Using our posts as course material? Please tell us just so we know.

A request: if you’re using our posts as course material, please let us know in the comments (what post, what college or university, what course). Not because you need our permission (you don’t), but just for our information. It helps us make the case to our employers and funding agencies that our blogging is worthwhile. Thanks!

If you’ve let us know about this in the past, you don’t need to tell us again.

16 thoughts on “Using our posts as course material? Please tell us just so we know.

  1. I’m teaching an English writing and communication course to grad students at a Mexican research institution. I’ve used Brian’s tips for effective writing. I’ve followed links to other blogs and discussions on writing and presenting (e.g. scientistseessquirrel). I’ve also peppered my discussions with ideas inspired by your stats posts (e.g. researchers degrees of freedom) and new trends in publishing (e.g. post-publication review).

  2. I point to Brian’s ‘Scientific ethics discussions in labs’ (1 April 2014) in my research integrity workshops as an example of how to introduce ethics discussions into research groups. Also to highlight that it’s likely that few groups actually have such discussions. I add tips on how a young researcher can initiate such discussions and so, in a non-confrontational way, tackle topics that might be particularly problematical in their own situations or involve power-inequality issues.

  3. I am teaching a PhD 5-day course on science communication at Uppsala University. We’ll be using a number of your posts on things like twitter and elevator pitches. I’ll try to remember to update with the full list after the course is done in a few weeks but of course the blog itself will be an example.

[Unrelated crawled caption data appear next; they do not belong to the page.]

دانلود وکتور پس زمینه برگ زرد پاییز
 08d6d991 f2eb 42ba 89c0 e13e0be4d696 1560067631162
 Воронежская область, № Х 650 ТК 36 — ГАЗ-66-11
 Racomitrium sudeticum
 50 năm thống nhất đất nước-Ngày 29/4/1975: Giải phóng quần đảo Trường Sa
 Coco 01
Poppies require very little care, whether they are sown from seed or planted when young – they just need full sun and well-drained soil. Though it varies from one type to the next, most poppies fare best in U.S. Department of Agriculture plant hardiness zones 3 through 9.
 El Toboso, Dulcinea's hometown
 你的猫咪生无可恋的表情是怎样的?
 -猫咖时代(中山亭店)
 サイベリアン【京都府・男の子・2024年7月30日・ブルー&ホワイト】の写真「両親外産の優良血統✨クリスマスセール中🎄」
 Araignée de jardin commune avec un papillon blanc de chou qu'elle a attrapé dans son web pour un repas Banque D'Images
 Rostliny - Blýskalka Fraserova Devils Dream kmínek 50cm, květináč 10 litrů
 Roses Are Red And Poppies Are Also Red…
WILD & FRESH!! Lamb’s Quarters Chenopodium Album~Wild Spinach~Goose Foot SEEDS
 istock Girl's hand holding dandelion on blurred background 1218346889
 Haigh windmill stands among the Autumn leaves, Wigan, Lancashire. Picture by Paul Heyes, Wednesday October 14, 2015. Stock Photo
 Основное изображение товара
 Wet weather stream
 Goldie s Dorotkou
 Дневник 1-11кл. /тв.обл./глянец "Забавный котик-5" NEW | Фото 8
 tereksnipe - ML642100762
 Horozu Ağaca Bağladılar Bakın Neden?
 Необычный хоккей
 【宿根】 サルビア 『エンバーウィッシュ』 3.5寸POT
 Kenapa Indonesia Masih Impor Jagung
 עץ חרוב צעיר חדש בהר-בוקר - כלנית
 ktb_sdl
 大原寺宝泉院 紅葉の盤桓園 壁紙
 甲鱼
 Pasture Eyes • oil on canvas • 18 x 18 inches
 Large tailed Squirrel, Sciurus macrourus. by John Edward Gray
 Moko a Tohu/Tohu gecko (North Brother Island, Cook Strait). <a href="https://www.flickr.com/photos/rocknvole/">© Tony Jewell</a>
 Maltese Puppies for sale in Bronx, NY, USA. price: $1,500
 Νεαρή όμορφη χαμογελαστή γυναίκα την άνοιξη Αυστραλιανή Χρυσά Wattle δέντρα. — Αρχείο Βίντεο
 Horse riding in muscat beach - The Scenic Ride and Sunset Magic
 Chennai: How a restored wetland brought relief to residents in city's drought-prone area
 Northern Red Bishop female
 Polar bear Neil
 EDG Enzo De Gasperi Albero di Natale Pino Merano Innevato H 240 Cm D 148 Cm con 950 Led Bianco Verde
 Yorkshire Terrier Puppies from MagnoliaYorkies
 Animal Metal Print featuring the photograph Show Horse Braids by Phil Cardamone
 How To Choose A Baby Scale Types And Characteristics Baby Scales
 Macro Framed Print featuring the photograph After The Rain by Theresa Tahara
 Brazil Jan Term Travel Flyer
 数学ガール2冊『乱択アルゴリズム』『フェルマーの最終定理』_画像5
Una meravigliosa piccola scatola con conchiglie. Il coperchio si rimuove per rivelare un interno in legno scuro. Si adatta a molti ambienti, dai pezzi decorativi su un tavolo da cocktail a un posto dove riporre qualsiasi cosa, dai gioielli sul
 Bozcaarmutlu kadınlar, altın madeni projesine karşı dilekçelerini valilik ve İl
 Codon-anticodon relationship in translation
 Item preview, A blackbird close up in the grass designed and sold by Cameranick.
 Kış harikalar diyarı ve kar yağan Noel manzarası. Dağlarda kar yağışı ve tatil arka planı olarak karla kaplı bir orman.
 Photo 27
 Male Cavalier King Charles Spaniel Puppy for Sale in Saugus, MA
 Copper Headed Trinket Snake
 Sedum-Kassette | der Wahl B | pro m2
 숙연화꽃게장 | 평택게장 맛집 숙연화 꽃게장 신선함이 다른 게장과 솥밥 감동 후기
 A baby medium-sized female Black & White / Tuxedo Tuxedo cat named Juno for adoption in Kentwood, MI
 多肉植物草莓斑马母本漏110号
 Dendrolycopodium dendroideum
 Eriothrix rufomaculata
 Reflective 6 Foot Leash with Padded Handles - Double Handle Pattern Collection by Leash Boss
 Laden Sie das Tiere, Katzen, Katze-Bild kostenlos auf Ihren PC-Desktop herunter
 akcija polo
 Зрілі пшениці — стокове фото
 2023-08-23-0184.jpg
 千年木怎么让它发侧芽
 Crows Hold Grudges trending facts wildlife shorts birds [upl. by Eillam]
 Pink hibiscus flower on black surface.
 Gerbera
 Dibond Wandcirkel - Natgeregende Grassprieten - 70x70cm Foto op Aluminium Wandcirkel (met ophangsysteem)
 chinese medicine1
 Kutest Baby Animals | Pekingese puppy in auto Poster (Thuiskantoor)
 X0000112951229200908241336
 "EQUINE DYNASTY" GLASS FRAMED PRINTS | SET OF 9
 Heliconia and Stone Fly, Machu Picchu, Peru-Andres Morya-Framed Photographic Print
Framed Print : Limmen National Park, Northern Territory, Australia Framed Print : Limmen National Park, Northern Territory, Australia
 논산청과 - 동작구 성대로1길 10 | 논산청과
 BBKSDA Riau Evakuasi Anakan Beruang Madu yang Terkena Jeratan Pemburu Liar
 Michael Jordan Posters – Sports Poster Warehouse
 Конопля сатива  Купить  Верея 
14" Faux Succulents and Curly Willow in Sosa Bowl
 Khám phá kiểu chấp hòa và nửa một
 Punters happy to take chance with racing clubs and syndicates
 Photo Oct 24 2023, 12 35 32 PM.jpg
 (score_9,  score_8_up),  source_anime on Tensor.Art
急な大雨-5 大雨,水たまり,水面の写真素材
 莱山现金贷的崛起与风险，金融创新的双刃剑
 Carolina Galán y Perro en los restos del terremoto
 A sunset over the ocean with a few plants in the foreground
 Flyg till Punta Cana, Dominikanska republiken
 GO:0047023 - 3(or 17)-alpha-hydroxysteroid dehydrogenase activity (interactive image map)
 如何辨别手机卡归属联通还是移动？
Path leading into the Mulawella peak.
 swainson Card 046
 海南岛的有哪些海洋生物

  4. I’m using your most cited papers of the 70’s, 80’s and 90’s post for a lecture in an applied ecology course at North Carolina State University. This would be a great page for someone studying for prelims to find too. Thanks for compiling the information!

    Gus Engman

  5. I am using several posts about statistics and philosophy of science for an undergraduate research-focused capstone course at Sewanee ( Students have commented that even though they don’t always understand the fine-scale statistical details – they appreciate that they can understand the message and nuance of all the posts we have read.